DATASET CONTENT →
######
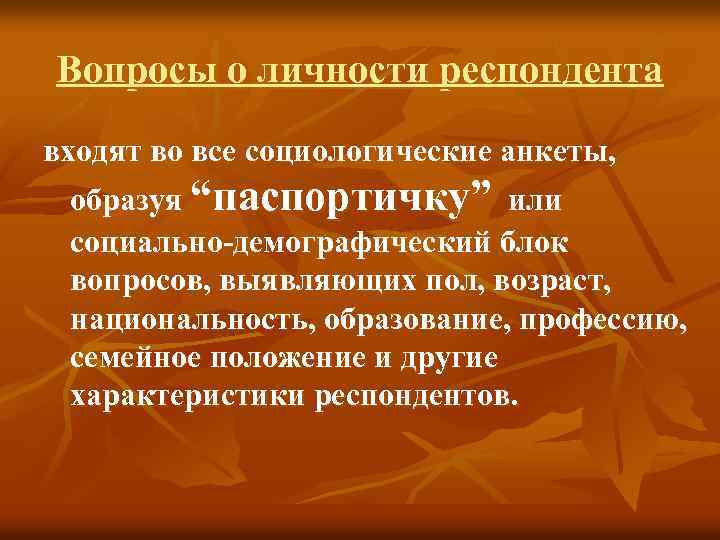 Вопросы о личности респондента входят во все социологические анкеты, образуя “паспортичку” или социально-демографический блок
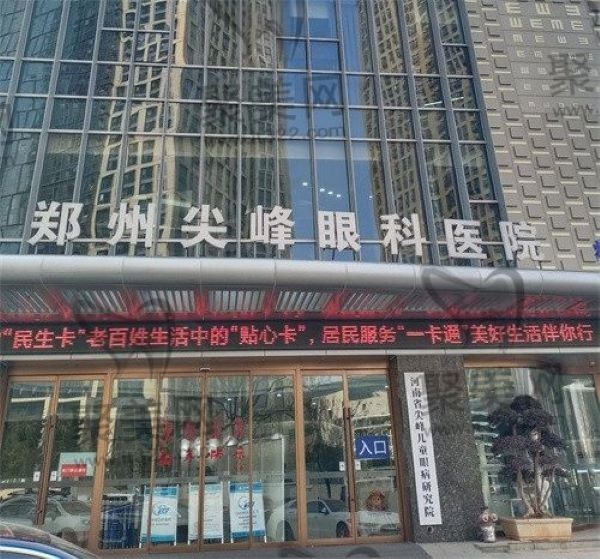 郑州尖峰眼科医院正规吗？虽是私立医院但很正规可靠|附医院地址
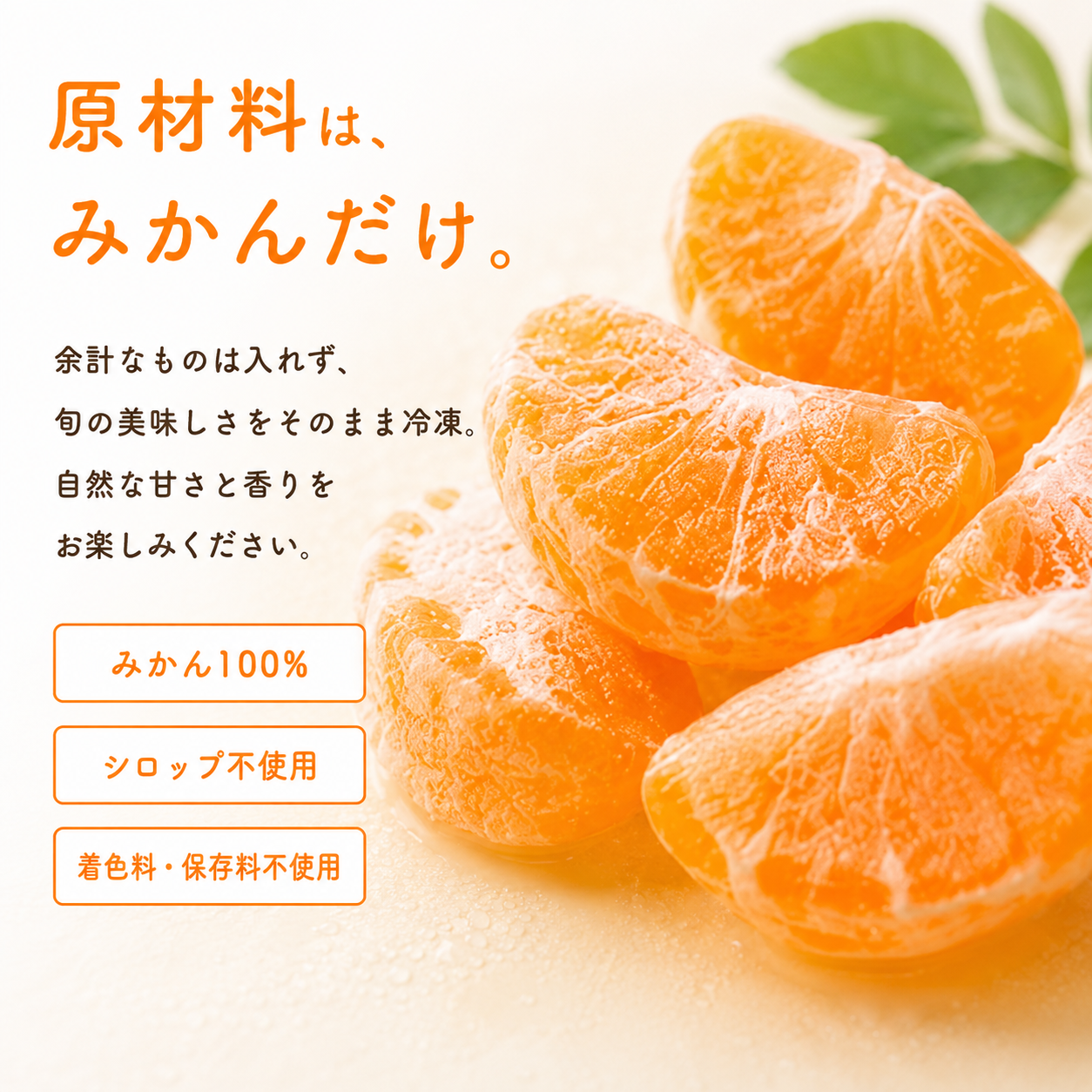 冷凍みかん4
######
WORK ORDER → Would you copy out every line of the data above exactly, minus the pictures?

TASK RESULT →
 Вопросы о личности респондента входят во все социологические анкеты, образуя “паспортичку” или социально-демографический блок
 郑州尖峰眼科医院正规吗？虽是私立医院但很正规可靠|附医院地址
 冷凍みかん4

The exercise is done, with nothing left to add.